/Intro-to-Data-Science-with-Python

A tutorial for getting set-up to do data science with Python

Primary LanguageJupyter Notebook

Intro class - jhey

Introduction to Data Science with Python

In this Houston Data Science meetup we will introduce our members to data science using the Python programming language.

Objectives

  • Install Python 3 and set up on your computer via the Anaconda distribution
  • Install Git locally and create a Github account
  • Develop Python programs in a text editor, IDE and Jupyter Notebook
  • Use the command line to execute a program and run Python interactively
  • Use Jupyter Notebook to explore the most popular data science libraries
  • Have a huge list of resources to help you continue your data science journey

Agenda

  • Create a Github Account
  • Install Git locally
  • Fork and clone this respository
  • Install Python 3 with Anaconda
  • Run Python interactively
  • Install Sublime Text 3 along with packages for enhancing development
  • Install PyCharm EDU
  • Execute basic programs from command line
  • NumPy
  • pandas
  • statsmodels
  • matplotlib
  • seaborn
  • scikit-learn

Create Github Account

The page is currently being hosted on Github, a site that hosts remote Git repositories. Github is a popular place to share and collaborate on software projects. The most popular data science libraries are all hosted on Github. On Github, you can find the latest developments, track bugs and join the conversation with fellow developers.

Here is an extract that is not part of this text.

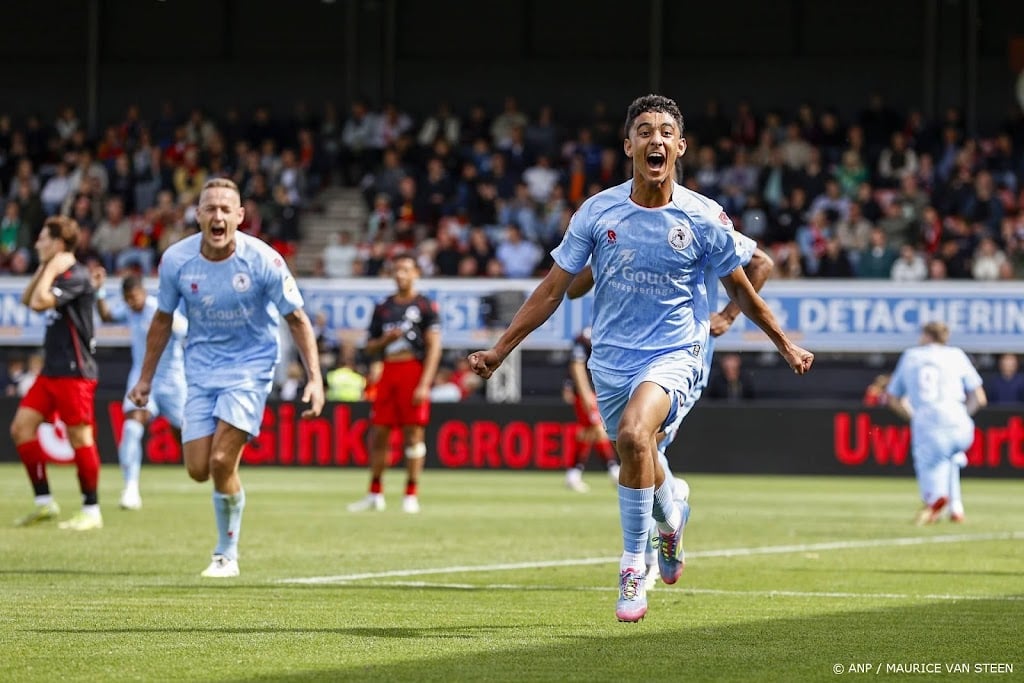 Oufkir helpt Sparta in blessuretijd langs tien man Excelsior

  1. If you have not already done so, create a Github account now.

Install Git Locally

Git is a popular version control system used to keep track of file changes during software development. Github is a private company independent from Git. Git is free software that tracks your file changes on your local machine.

Let's install Git on your local machine

  1. Visit the Git downloads page and download Git for your operating system.
  2. After installing Git you will need to run a couple commands to link it to your github profile.
  3. Run the commands in the Your Identity in this link. The same commands are copied below.
git config --global user.name "John Doe"
git config --global user.email johndoe@example.com

Fork and Clone this repository

Whenever you are in position to make changes to someone elses project on Github you will need to fork the repository and then clone it to your local machine. After making changes you will commit your work locally and then push those changes back to Github where you will finally make a pull request so that the new changes may be incorporated into the project.

git tracking

Let's go through this process now.

  1. At the very top of this repository, you will see a Fork button. Click it and fork the repository. This makes an exact replica of the repository under your user profile.
  2. Under your Github profile (not mine), again go the top of the page and look for the green Clone or download button. Click it and copy the url.
  3. On your local machine, create a new folder somewhere in your file system. Title it something like Github Repos
  4. Open up a terminal (Windows users open the program Git Bash)
  5. cd into the new directory you created abovegg
  6. Run the command git clone https://github.com/tdpetrou/Intro-to-Data-Science-with-Python.git but replace this URL with the one you copied from step 2.
  7. You now have a replica of the repository on your local machine and are ready to make changes
  8. Staying in the terminal run the command cd Intro-to-Data-Science-with-Python
  9. Open up the README.md file in a text editor. That is this current file.
  10. Make a single edit to the file and save it. Add your name or something personal on the very top line.
  11. Go back to the terminal and run the command git add README.md. Git is now tracking this file and it is in the staging area.
  12. Run the command git commit -m "your message here". Replace 'your message here' with something that describes the changes you made. All commits must have a message about what has changed.
  13. The last command just took a snapshot of your repository and you can revert back to it now at any point in the future.
  14. Run the command git push origin master. This will align your remote repository with your local repository.
  15. Go back to your github profile and verify the changes.
  16. Towards the top of the page click the New pull request button.
  17. Now I will get a notification that you are wanting to modify a file of mine. I can review the revisions and accept/reject your pull request.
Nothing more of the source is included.